MacOS – GNU version of locate – gupdatedb fails with “gfind: failed to read file names from file system”

catalinacommand linemacos

I try to test GNU version of locate command. First, I have to create the database like this :

sudo gupdatedb --prunepaths=/Volumes --output=$HOME/locatedb_gupdatedb

Unfortunately, 1 minute after launching the command, I still get the following error :

gfind: failed to read file names from file system at or below '/': No such file or directory

I don't understand where this error could come from ?

UPDATE 1: I replaced gfind by find commad and correct path of find which is /usr/bin/. Unfortunately, I get embarassing error messages like this when I launch the gupdatedb command like this :

sudo gupdatedb --prunepaths='/private/tmp /private/var/folders /private/var/tmp */Backups.backupdb /Volumes /System' --output=$HOME/locatedb_gupdatedb

Here the error messages :

find: /System/Volumes/Data/.Spotlight-V100: No such file or directory
find: /System/Volumes/Data/.PKInstallSandboxManager: No such file or directory
find: /System/Volumes/Data/.PKInstallSandboxManager-SystemSoftware: No such file or directory
find: /System/Volumes/Data/.cleverfiles: No such file or directory
find: /System/Volumes/Data/mnt: No such file or directory
find: /System/Volumes/Data/.DocumentRevisions-V100: No such file or directory
etc ...

I tried to modify into /usr/local/Cellar/findutils/4.7.0/libexec/bin/gupdatedb file, the option :

: ${FINDOPTIONS="2 > /dev/null"}

But the issue is this option is set in front of the command find, not at the end, so it is not correct in the following of the file.

Given the fact there a lot of find commands after in the script, I can't add manually each time the 2 > /dev/null terminal option.

Anyone could see how to suppress all these error messages from find command when I launch a gupdatedb command ?

UPDATE 2: I finally managed to create a database with gupdatedb (GNU version of MacOS updatedb command) by doing :

sudo gupdatedb --prunepaths='/private/tmp /private/var/folders /private/var/tmp */Backups.backupdb /System /Volumes' --output=$HOME/locatedb_gupdatedb

The issue now is, when I do a research on a substring of a file or directory, the informations seems to be duplicated in results (sub_string is simply the part of a file or directory name) :

For example, if I do a : glocate -d ~/locatedb_gupdatedb sub_string

Then, I have duplicates results like :

/System/Volumes/Data/Users/fab/sub_string.dat
/Users/fab/sub_string.dat

I don't know how to exclude '/System/Volumes/Data/' from these results : however, I have well specified in --prunepaths option the directory System, why isn't it taken into account in database created by gupdatedb ?

Or maybe I should perform a :

sudo gupdatedb --prunepaths='/private/tmp /private/var/folders /private/var/tmp */Backups.backupdb /System/Volumes/Data /Volumes' --output=$HOME/locatedb_gupdatedb

??

Any help is welcome to exclude this directory

/System/Volumes/Data

from indexing database.

UPDATE 3: Here is an example of quickly generating a database with updatedb on Debian 10 Buster.

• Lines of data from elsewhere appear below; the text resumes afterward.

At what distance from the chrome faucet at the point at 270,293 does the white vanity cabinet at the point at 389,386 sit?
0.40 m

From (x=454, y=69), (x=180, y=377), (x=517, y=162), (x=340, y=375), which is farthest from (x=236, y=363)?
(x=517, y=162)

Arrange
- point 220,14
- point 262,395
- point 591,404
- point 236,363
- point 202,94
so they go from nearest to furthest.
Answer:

Few modifications of normal using have been done between the timestamps of the 2 commands updatedb.

enter image description here

So I conclude there is a really a difference betweeen GNU/MacOS and GNU/Linux implementation.

Any explanation is welcome.

Best Answer

The problem here is that you are running GNU's updatedb with the macOS's find. gupdatedb is a shell script that expects to be running a GNU-compatible find. In particular, it converts --prunepaths to a GNU-compatible basic regular expression.

--prunepaths='/private/tmp /private/var/folders /private/var/tmp */Backups.backupdb /Volumes /System'

converts to

PRUNEREGEX="\(^/private/tmp$\)\|\(^/private/var/folders$\)\|\(^/private/var/tmp$\)\|\(^*/Backups.backupdb$\)\|\(^/System$\)\|\(^/Volumes$\)"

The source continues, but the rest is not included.